Luke: We start this month. That's when we'll ascertain a game plan. You know, we'll obviously do 5 or 6 tunes off of the new record and then dig back through the catalogue. I mean, we HAVE to play the hits, come on. People pay money to hear that shit. But we'll try and re-arrange those in a new way. And then we'll come with some cool stuff and try and play what people want to hear, but it's hard to meet everyone's needs. I mean, we have 18 records now, so it's a bit difficult. It will be what works comfortably for us as well!

Like we do every year, we have our Setlist Poll on the website. We close the poll today, and the top three songs -- by a huge margin -- are "Home of the Brave," "I Will Remember," and "Caught In the Balance."

Luke: Really! I guess we should do them then. "Caught in the Balance" -- I'd really love to play that again. I'm really excited to sit down with everybody and figure it out. I'd kind of like to do a short acoustic set again, maybe do some of the old ballad hits, but in a different way so that people can sing along. I don't want to do weird cuts from the records so that everyone can just stare at us while we play.

Since Greg joined the band on the road, he's been using David's rig. This time around, what, if any, changes are being implemented for Greg to have his own signature stuff? Come to think of it, with regards to the entire band, will you be making any changes to your rigs?

David: Yes, definitely, maybe, and I think so!

Mike: I know Greg is having a new rig designed for the tour. The rest of us haven’t made any significant changes that I can think of.

Simon: I am still undecided whether I will make any changes. I usually make my decisions late in the day - rather infuriating to our tour manager!

Luke: Definitely! Greg is redesigning the whole scene. It will definitely be "Greg's Rig" now. As for me, I'm always implementing new stuff -- new guitars with different tunings and stuff. I add new things here and there, but I'm always changing my sound.

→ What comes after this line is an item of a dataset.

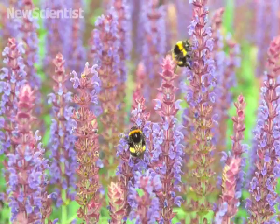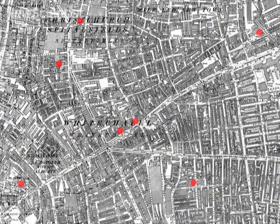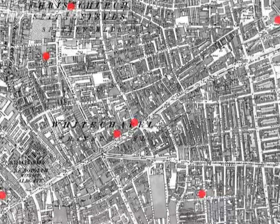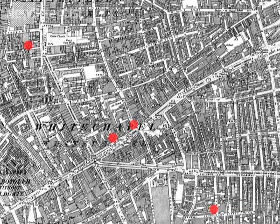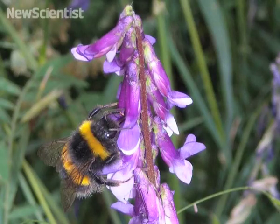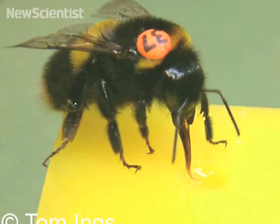Bumblebee foraging patterns could help pinpoint where criminals like Jack the Ripper lived. Serial killers usually commit crimes close to home, but not too close — they leave a buffer zone so that nosy neighbors don't recognize them. Similarly, bees have a buffer zone between their foraging area and nest to make it hard for predators to find them.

Greg: It's still really in process, and that's all I should say.

Great! I know that Peter G (US Touring Crew Stage Manager) was racking his brains out when I saw him last about how he was going to do what you wanted to do, so I have a feeling it's going to be something to see.

Greg: Of course it's going to be cool, because it's going to be mine! I think Peter's still commited to working on it.

What about a new keyboard tech to replace Steve Lu?

Luke: Yes, we have a really cool cat named Kenny Moran, a singer/songwriter to back Greg up on the tour. A great player!

Several of the songs on this record, including the first single "Bottom of Your Soul," are very reminiscent of the "big" almost over-produced Toto sound of the 80s. How will this affect your approach to the live renditions of these songs?

David: With outstanding musicianship, clever arrangements, and lots of MAKEUP!

Mike: We’ll try to pull these off as best we can. Pay no attention to that man behind the curtain!

Simon: We will try to re-create the sound of the record as faithfully as possible. Jon Ostrin will be our soundman this time around - he has been with band for longer than I have so he knows best how it should sound.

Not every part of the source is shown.